Ибо процветание богатых стран не будет длиться вечно в мире, который погружается в совершенную нищету, и поскольку слишком поздно думать о том, чтобы всё исправить, у этих стран останется один выбор: уничтожить бедных или же самим стать бедными, им не избежать хаоса и смерти, если они не решатся на самое варварское из решений.

Что бы мы ни делали, путь пролегает через кошмар, и поскольку дух, обладающий средствами, для нас закрыт, мы неизбежно последуем за Икаром в его падении или за Фаэтоном в его пропасти, я больше не верю в будущее науки, и поскольку человеческие мутации суть только двойные химеры, нашим потомкам придется отвоевывать себя у хаоса и смерти, в которых мы пропадем.


Мир уродлив, и он будет всё более уродлив, леса идут на сруб, вырастают всепоглощающие города, повсюду растягиваются пустыни, которые также суть человеческие творения, ибо смерть почвы есть лишь широкая тень, которую отбрасывают города, добавьте к этому смерть водоемов, а затем наступит и смерть воздуха, но четвертый элемент, огонь, останется, чтобы отомстить за остальные, и он-то, в своей черед, и принесет последнюю смерть — нашу.

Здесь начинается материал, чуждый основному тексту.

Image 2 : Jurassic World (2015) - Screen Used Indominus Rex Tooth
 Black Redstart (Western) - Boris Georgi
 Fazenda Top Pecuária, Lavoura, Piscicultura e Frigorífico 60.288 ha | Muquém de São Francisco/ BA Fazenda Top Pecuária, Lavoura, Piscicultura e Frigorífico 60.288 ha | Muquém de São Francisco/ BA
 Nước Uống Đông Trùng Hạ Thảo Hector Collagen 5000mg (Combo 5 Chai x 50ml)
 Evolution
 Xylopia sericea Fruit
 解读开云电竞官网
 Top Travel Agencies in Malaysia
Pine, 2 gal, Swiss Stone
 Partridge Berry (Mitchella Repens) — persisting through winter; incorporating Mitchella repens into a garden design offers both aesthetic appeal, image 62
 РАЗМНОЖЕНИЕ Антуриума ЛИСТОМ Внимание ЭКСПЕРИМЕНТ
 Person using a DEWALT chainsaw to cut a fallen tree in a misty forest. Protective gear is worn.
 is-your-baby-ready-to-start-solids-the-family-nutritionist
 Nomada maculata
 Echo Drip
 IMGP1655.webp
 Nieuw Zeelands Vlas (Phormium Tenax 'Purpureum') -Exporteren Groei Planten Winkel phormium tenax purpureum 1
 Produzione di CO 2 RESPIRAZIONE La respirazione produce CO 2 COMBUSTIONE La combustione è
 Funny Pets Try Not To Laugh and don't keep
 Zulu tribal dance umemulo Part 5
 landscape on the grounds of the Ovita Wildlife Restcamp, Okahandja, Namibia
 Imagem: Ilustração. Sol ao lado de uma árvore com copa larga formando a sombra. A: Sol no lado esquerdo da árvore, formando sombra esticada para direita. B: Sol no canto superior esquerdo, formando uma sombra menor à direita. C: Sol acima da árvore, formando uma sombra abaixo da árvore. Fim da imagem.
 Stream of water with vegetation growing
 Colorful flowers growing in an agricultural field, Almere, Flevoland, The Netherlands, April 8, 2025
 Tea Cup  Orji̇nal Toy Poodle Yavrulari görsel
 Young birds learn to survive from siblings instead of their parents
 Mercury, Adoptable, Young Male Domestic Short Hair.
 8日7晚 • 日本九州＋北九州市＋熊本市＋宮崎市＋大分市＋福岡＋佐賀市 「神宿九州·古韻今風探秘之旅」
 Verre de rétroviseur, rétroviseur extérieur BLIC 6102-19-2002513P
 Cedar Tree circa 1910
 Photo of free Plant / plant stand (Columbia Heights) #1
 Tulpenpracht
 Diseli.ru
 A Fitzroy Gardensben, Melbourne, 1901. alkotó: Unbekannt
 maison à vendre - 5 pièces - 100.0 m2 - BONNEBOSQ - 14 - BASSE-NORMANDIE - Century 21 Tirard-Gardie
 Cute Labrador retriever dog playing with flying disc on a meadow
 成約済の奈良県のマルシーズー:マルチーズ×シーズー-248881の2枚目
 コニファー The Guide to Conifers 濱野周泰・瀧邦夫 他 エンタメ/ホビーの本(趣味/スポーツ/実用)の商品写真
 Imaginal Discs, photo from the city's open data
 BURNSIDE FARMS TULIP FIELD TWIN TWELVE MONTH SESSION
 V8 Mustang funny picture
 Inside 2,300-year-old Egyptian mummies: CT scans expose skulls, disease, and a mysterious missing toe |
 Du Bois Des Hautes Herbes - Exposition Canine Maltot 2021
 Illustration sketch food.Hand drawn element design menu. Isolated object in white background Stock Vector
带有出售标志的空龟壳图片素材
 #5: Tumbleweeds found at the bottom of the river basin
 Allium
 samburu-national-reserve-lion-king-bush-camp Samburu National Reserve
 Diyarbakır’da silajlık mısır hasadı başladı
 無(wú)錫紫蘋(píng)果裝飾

Мы идем к всемирной смерти, и наиболее проницательные уже это знают, они знают, что всплеск бедствий, вызванных к жизни нашими творениями, неизбежен, они носят трагическую маску на этом шутовском маскараде, они хранят молчание среди болтунов, они позволяют одним надеяться на то, что им обещают другие, они больше не пытаются ни предупредить первых, ни смутить вторых, они полагают, что мир достоин гибели и что катастрофа предпочтительней расцвета в абсолютном кошмаре и в совершенном уродстве, которых можно избежать, только обратив всё в руины.